Explain four incentives and pressures that increase the risk of fraud.

(1) the client operating in a highly competitive industry, (2) a significant decline in demand for the client's products and services, (3) failing profits, and (4) a threat of takeover

What will an auditor consider in assessing the integrity of a client's management, board, and other personnel?

When assessing the integrity of the client's management, board, and other personnel, the auditor will consider the reputation of the client, its management, directors, and key stakeholders. Auditors will consider a client's reasons for switching audit firms, if the company was previously audited, and management's attitude to risk exposure. Auditors will consider management's attitude to the implementation and maintenance of adequate internal controls, the appropriateness of management's interpretation of accounting rules, and management's willingness to allow the auditors full access to client personnel, records, and information required to form their opinion.

What is qualitative materiality?

information or misstatements that impact a user's decision-making process for a reason other than its magnitude.

The relationship between risk of material misstatement and detection risk

inverse relationship, RMM is high, detection risk is low

Explain how the risk assessment phase helps to improve the efficiency and effectiveness of the audit.

requires auditors to plan with the goal of minimizing audit risk, thereby ensuring that appropriate attention is paid to the accounts and transactions most at risk of being materially misstated.

What are the three main phases of the audit?

risk assessment, risk response, and reporting

Briefly discuss why auditors must treat every audit as unique

risks associated with two companies may be different even if they are in the same industry. For clients in different industries, laws and regulations will differ amongst industries.

Describe the audit strategy when the auditor adopts a predominantly substantive approach

the audit strategy is to increase detailed substantive procedures performed at year-end

What is the purpose of developing an overall audit strategy?

the audit strategy provides the basis for developing the audit plan that details the nature, extent, and timing of audit procedures to be performed.

How does an auditor gather information about management integrity?

the auditor can communicate with the previous auditor (with client permission), client personnel, third parties such as lenders, industry peers, and read industry journals.

What are the components of the audit risk model?

the risk of material misstatement and detection risk. Risk of material misstatement consists of inherent risk and control risk.

Why would the auditors adopt a reliance on controls approach?

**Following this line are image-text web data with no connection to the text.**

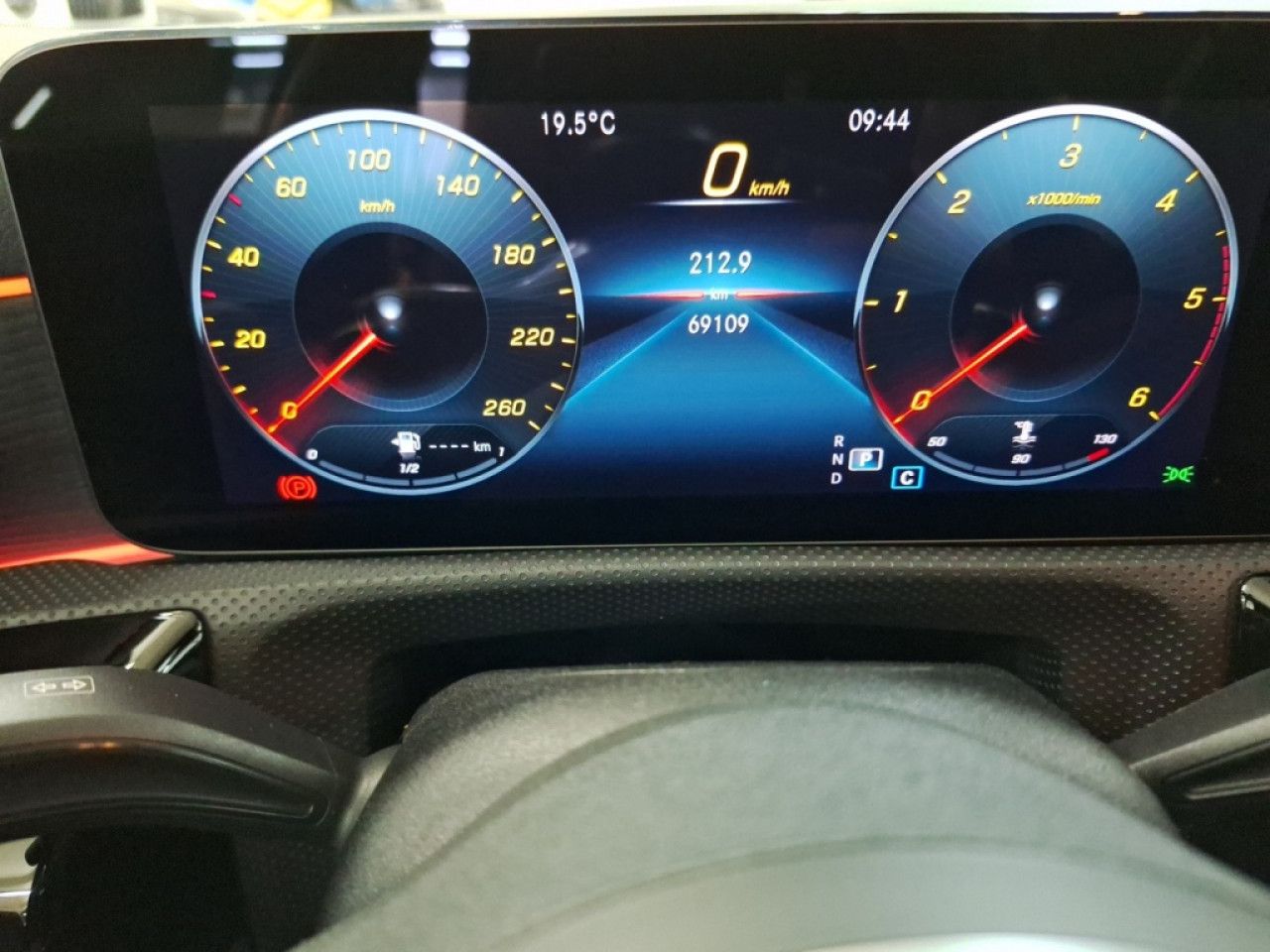 Fahrzeugbild 14 / 21
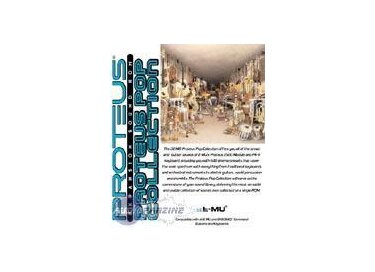 E-MU Proteus Pop Collection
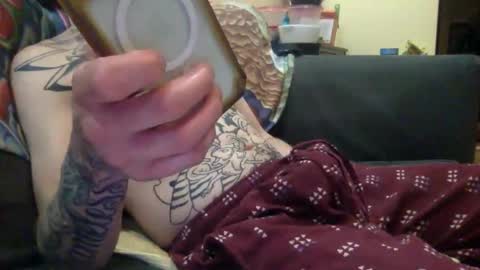 cumonover420 online show from 12.23.25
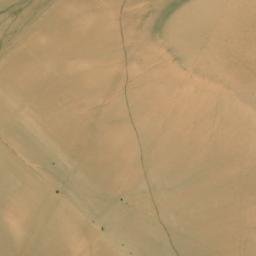 Satellite imagery of Gadet el Rharbia, DZ
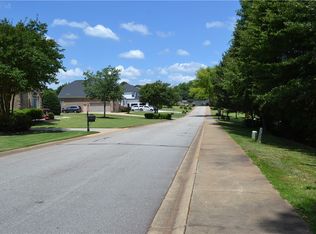 121 Bree Dr, Anderson, SC 29621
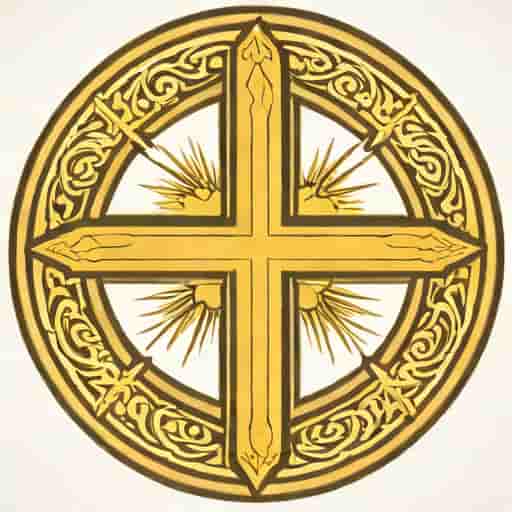 Christianity Is A Semitic Religion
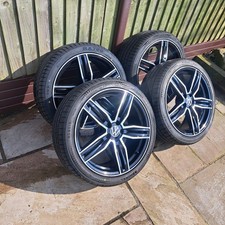 18inch Volkswagen Romac Venom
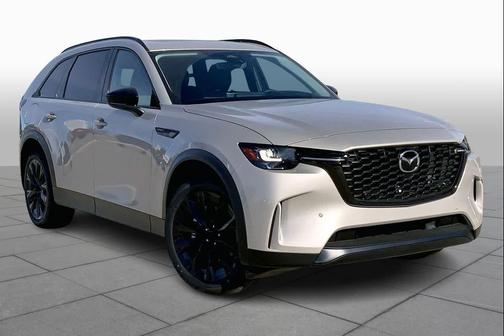 2026 Mazda CX-90 PHEV Premium Sport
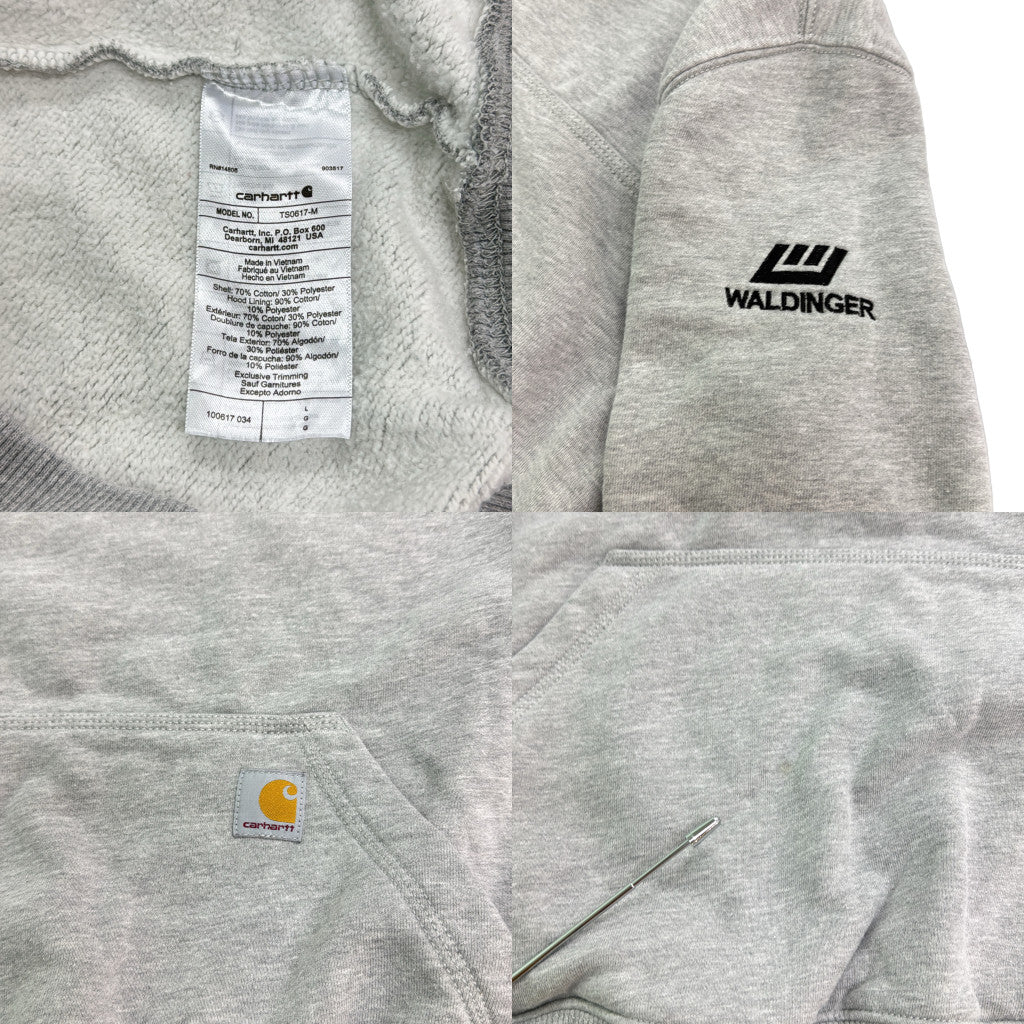 Carhartt Hoodie
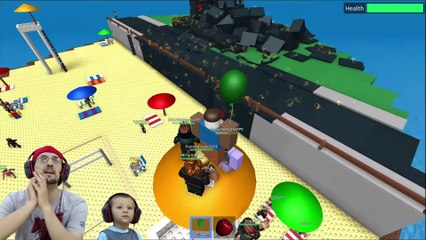 Roblox dev creates the most brutal game ever and leaves players in  disbelief - Dexerto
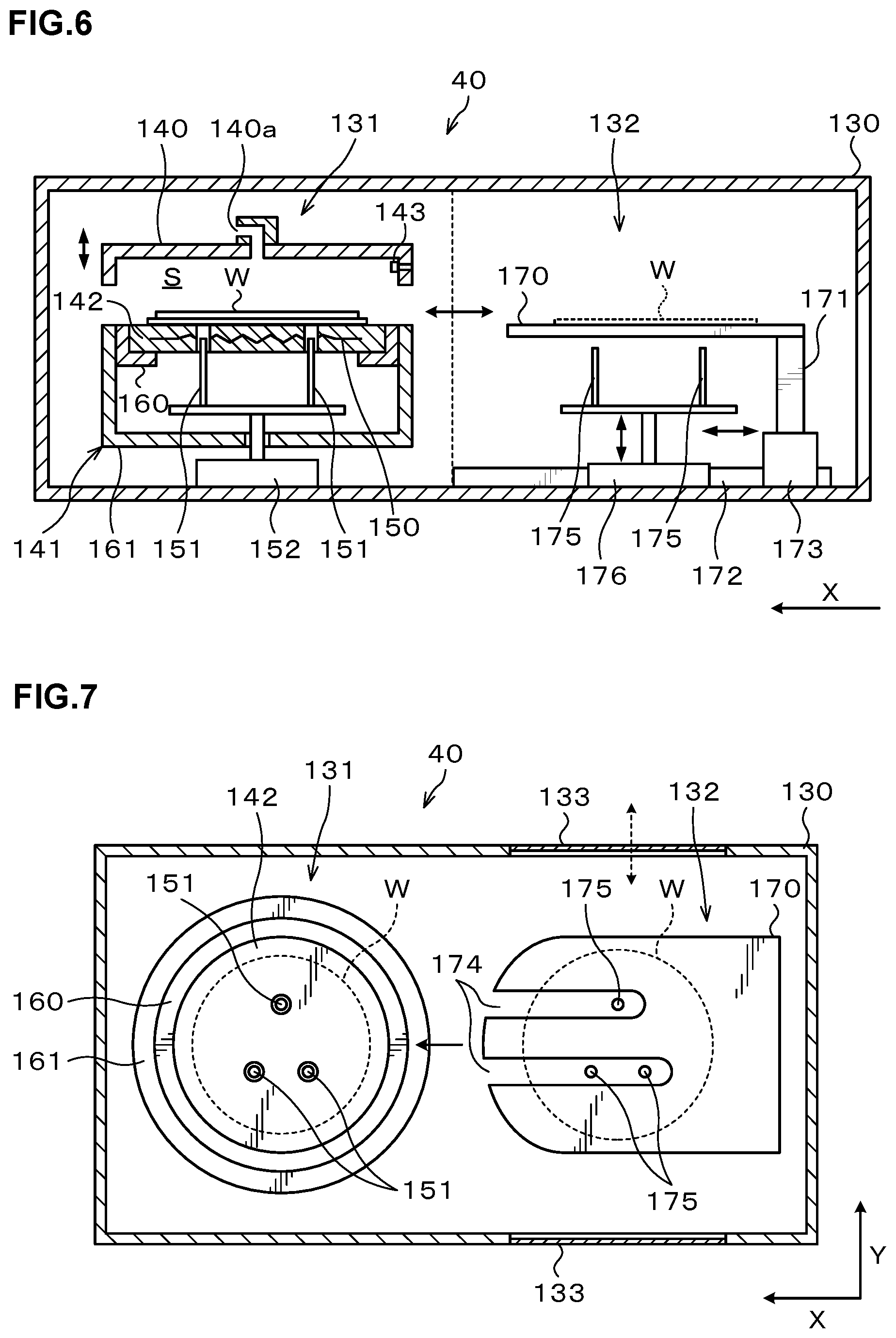 Patent US12314023 Figure 6 – Treatment condition setting method, storage medium, and substrate treatment system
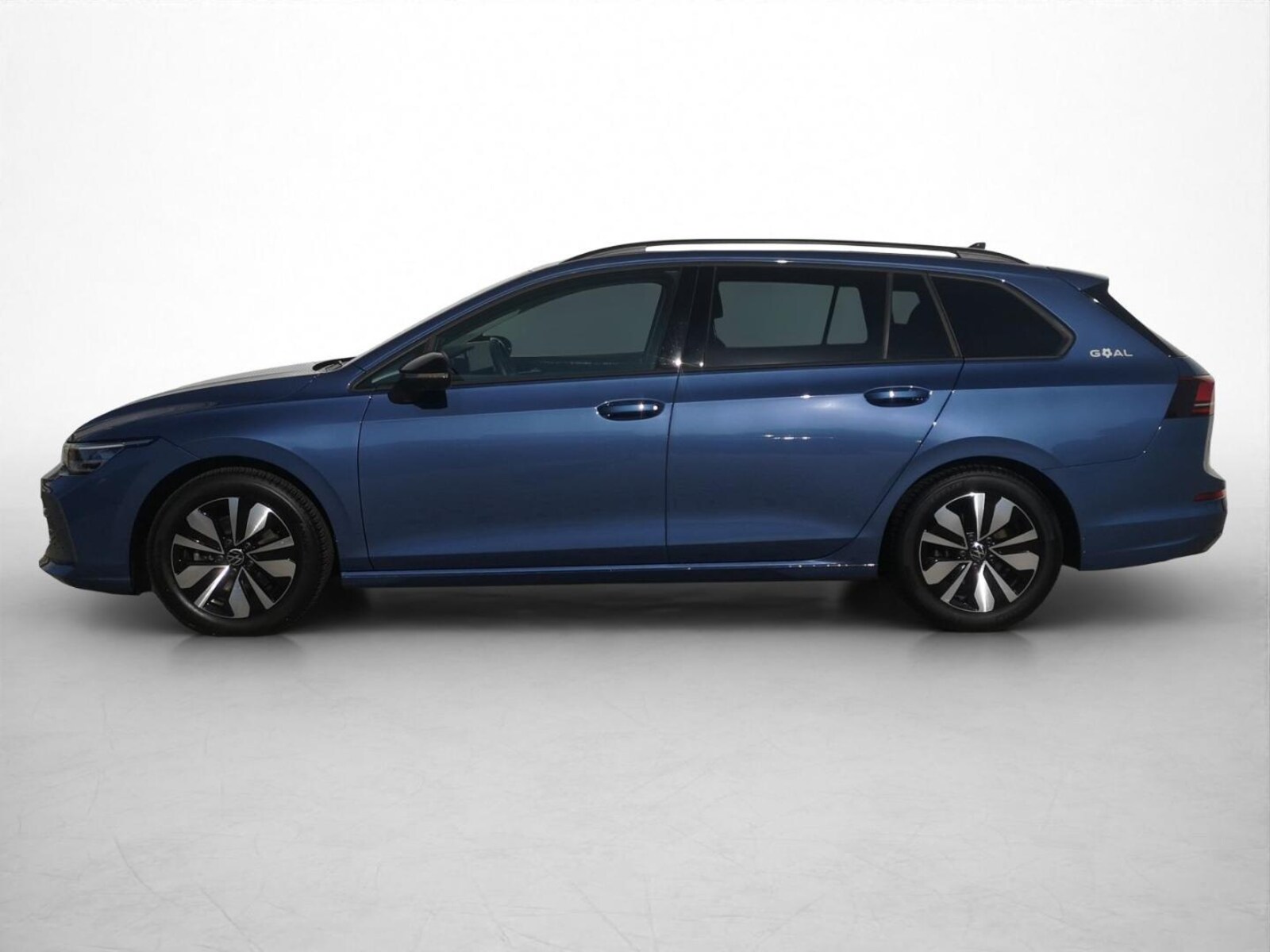 Volkswagen Golf Variant – Bild 4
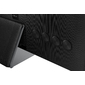 Телевизор QLED Samsung 55" QE55QN700CUXRU Q черный титан / серебристый 8K Ultra HD 60Hz DVB-T2 DVB-C DVB-S2 USB WiFi Smart TV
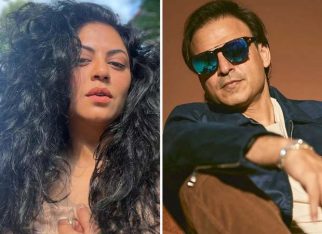 Kavita Kaushik praises Vivek Oberoi, sparks debate with cryptic remark: “Fought against the biggest, but we as a country are charmed with Swag…” Kavita Kaushik praises Vivek Oberoi, sparks debate with cryptic remark: “Fought against the biggest, but we as a country are charmed with Swag…”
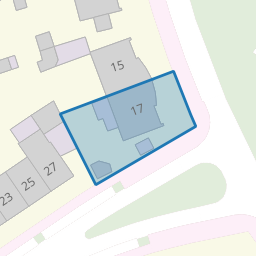 Perceel BSL02-C-2951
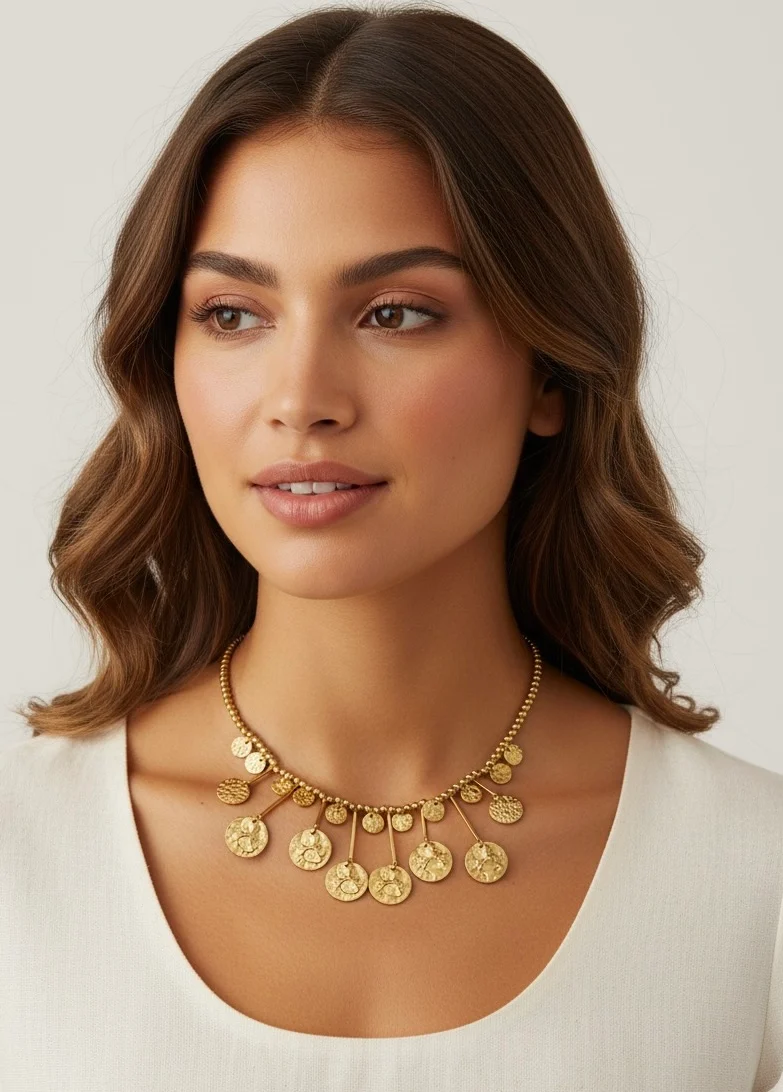 COLLAR SOLENNE - Imagen 4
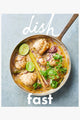 Dish Magazine - Fast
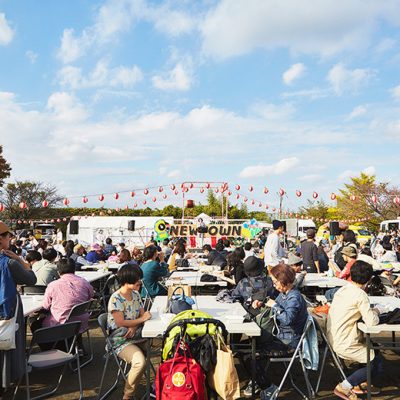 とっておきの服を披露しよう。『べた褒めファッションショー』開催決定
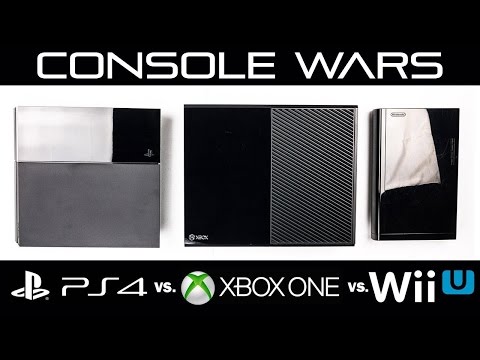 Will Nintendo Partner With Playstation or Xbox?!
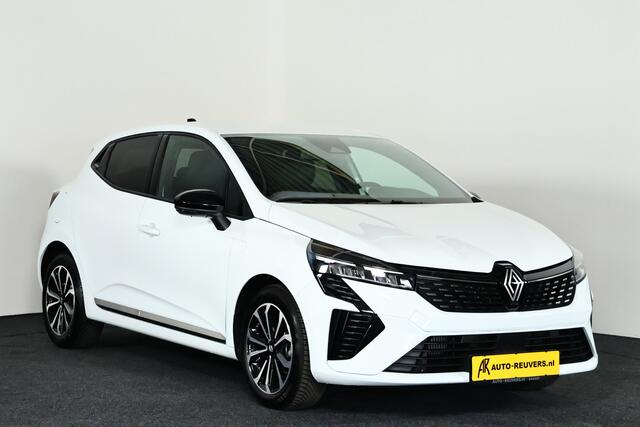 Renault CLIO 1.0 TCe 90 GPF techno / LED / CarPlay / Camera / Clima
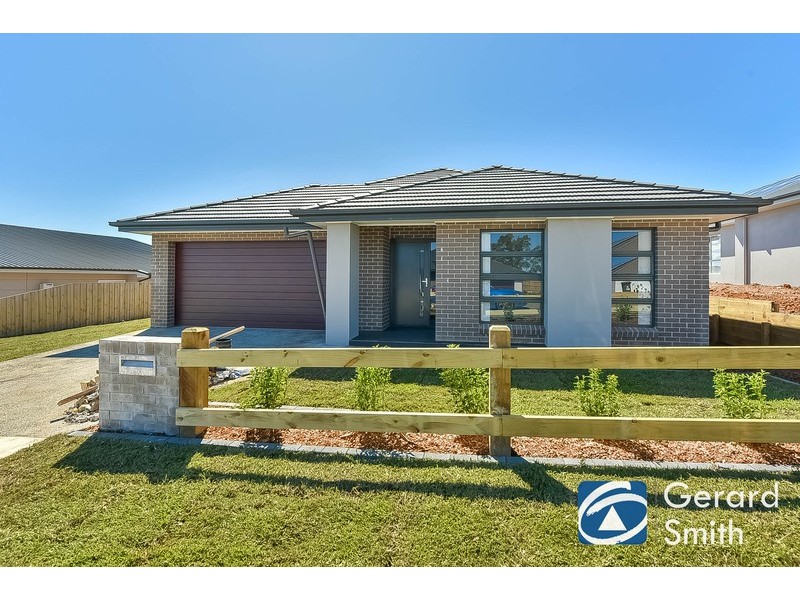 5 Bundanoon Road, Wilton NSW 2571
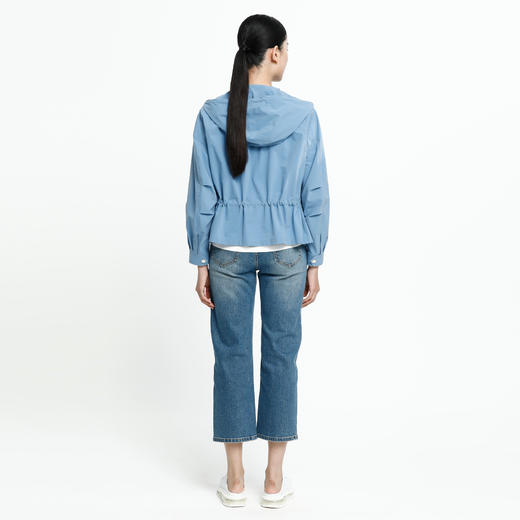 西贝伦风衣S27A6606 商品图1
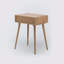 Burchill End Table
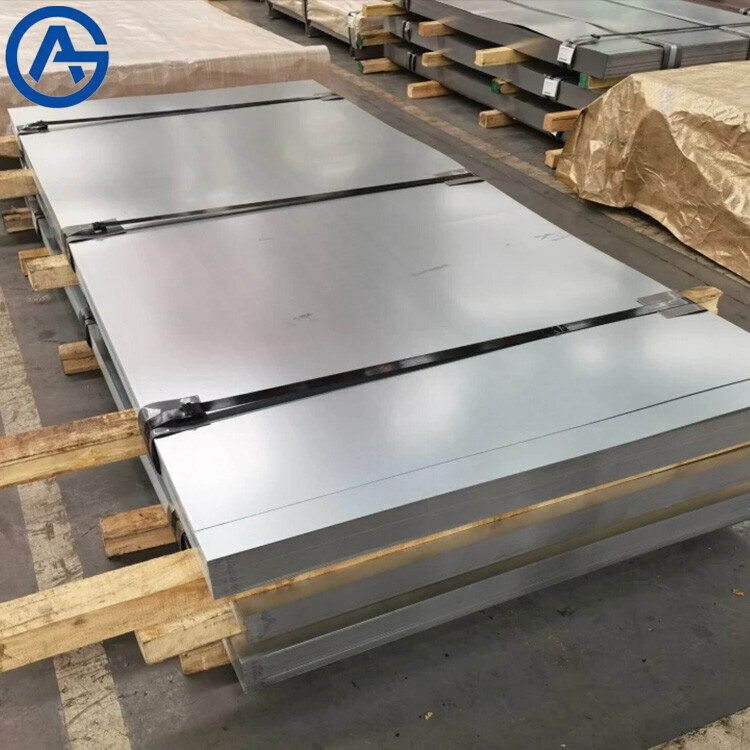 Stainless Steel Plate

when internal controls are effective, and the auditors can perform less extensive detailed substantive procedures at year-end

What is quantitative materiality?

information or misstatements that exceed the magnitude of an auditor's preliminary materiality assessment, which is a percentage of an appropriate benchmark.

What is performance materiality?

amount or amounts set by the auditors at less than the materiality level for particular classes of transactions, account balances, or disclosures.

What is significant risk?

an identified and assessed risk of material misstatement that, in the auditor's judgment, requires special audit consideration.

What are the key components of an engagement letter?

are an explanation and scope of the audit, the timing of the completion of various aspects of the audit, an overview of the client's responsibility for the preparation of the financial statements, the requirement that the auditor have access to all information required to perform the audit, and independence considerations and fees.

Why is an attitude of professional skepticism important for auditors?

auditors remain independent of the entity, its management, and its staff when completing the audit work. When auditors exercise professional skepticism during the risk assessment phase, it helps to ensure they are using appropriate assumptions when developing their audit strategy that will be used in the risk response phase. In the reporting phase, auditors use professional skepticism when evaluating the evidence gathered and forming an opinion that the financial statements are presented fairly.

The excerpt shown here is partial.